Stand age effects on Boreal forest physiology using a long time-series of satellite data

•Chronosequence of Pinus banksiana stands, ranging in age from 15 to 90 years.•Stand age correlated well to tree structural parameters (e.g. height; R2 = 0.95).•Historic Landsat satellite data from 1989 to 2011 expanded the chronosequence in time.•LAI and leaf chlorophyll variations showed dependency on stand age.•Chlorophyll and LAI leveled at stand age = 44 years and 22 years, respectively.

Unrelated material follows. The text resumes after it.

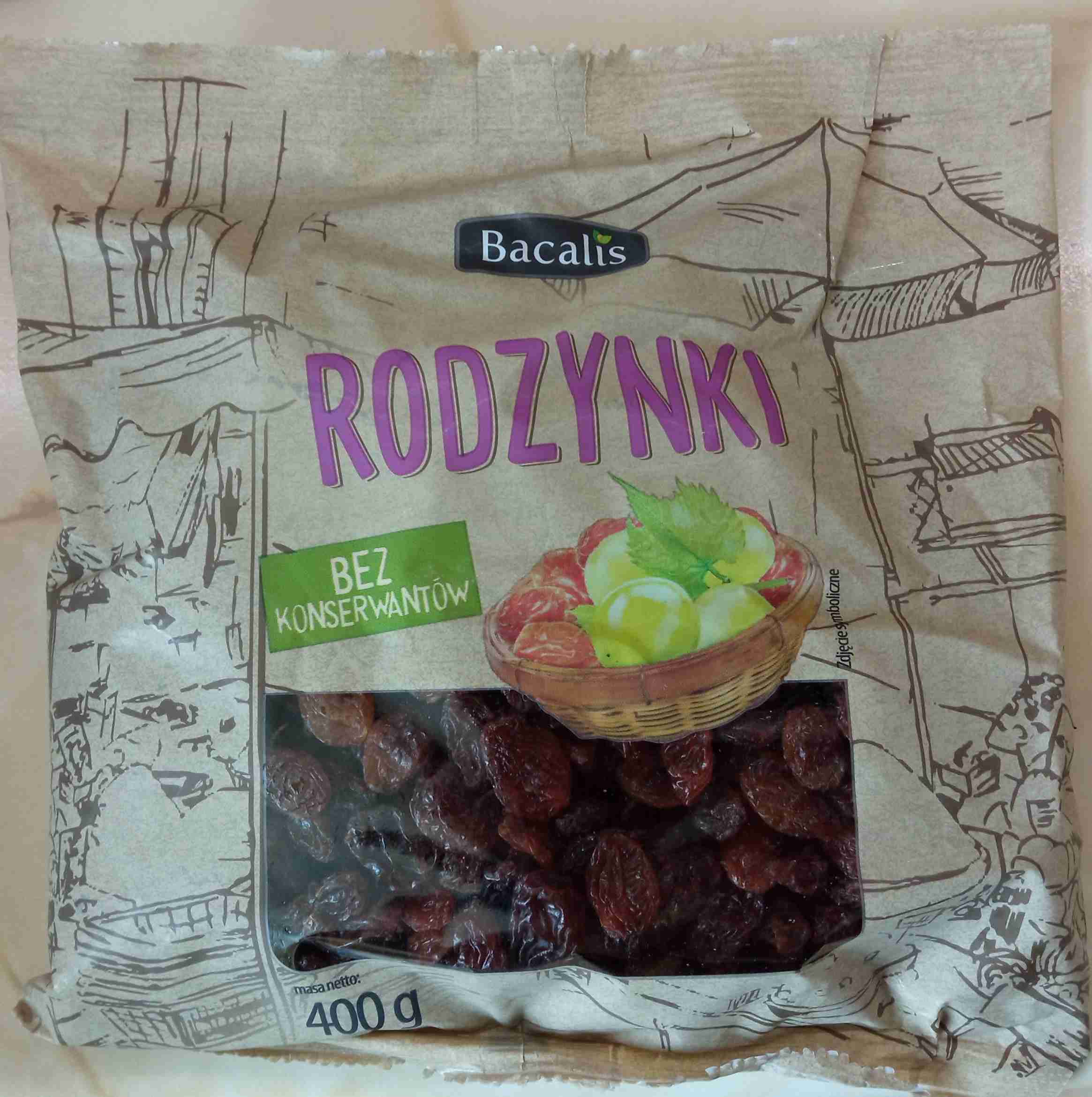 Rodzynki sułtańskie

Many ecosystem variables and processes show a relationship with stand age, including leaf area index (LAI), nutrient and water cycling, biomass production and photosynthesis. However, investigations into stand age dependency have typically focused on stand structure, and are limited by the availability of measurement sites. This study uses a measured chronosequence of 9 sites, ranging in age from 15 to 90 years, supported by a time-series of satellite-derived data to further validate temporal trends in LAI and leaf chlorophyll values. Managed Pinus banksiana stands in Northern Ontario, Canada were sampled for canopy structural parameters (LAI, stand density, crown radius, tree height) and leaf biochemistry (Chlorophyll a + b). Landsat 5 TM (30 m) data was obtained from 1989 to 2011 and chlorophyll- (Revised Transformed Chlorophyll absorption ratio index; RTCARI) and LAI- (Reduced Simple Ratio; RSR) sensitive spectral vegetation indices (VI) were calculated. Stand age showed strong relationships with tree height (R2 = 0.95, p < 0.001), canopy radius (R2 = 0.68; p < 0.01) and with stand density (R2 = 0.49; p < 0.01). The measured LAI and leaf chlorophyll chronosequence showed an excellent correspondence with the VI-derived LAI and chlorophyll over time, modelled from the satellite archive. The temporal dependency of LAI and leaf chlorophyll with stand age was quantified through the fitting of a spherical model (chlorophyll = 44 years; LAI = 22 years), after which further increases in forest age did not increase leaf chlorophyll or LAI. Variation in the temporal lags indicates differences in the maturation period for leaf biochemistry and canopy physical structure, with LAI likely related to a reduction in stand density. The demonstrated stand age-dependency of leaf chlorophyll content is crucial for understanding stand age effects on photosynthetic processes and carbon assimilation, both for quantifying net primary production (NPP) within carbon budgets and for guiding forest management and harvesting strategies in light of a changing climate.